** Data section **
========================================================================

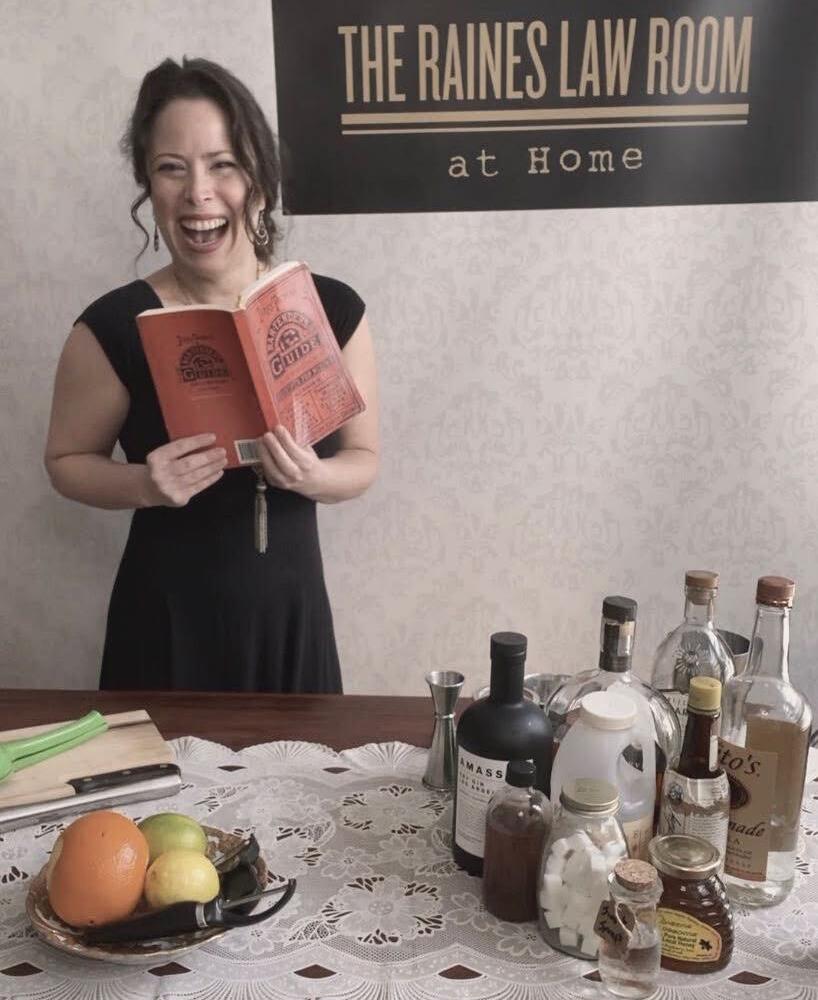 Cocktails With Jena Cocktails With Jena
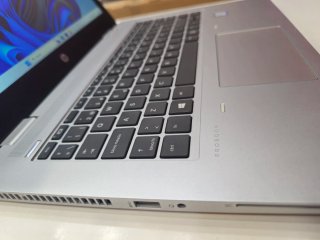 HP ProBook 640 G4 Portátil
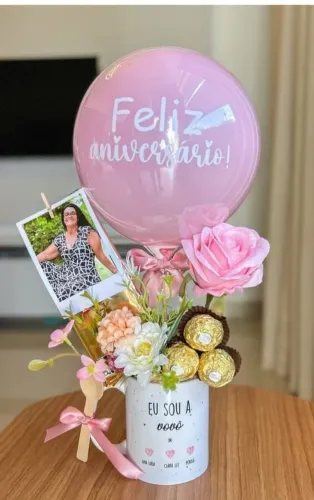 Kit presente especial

========================================================================

** What to do **
Restate the whole listing above exactly, please, omitting every image.

** Exercise response **
 Cocktails With Jena Cocktails With Jena
 HP ProBook 640 G4 Portátil
 Kit presente especial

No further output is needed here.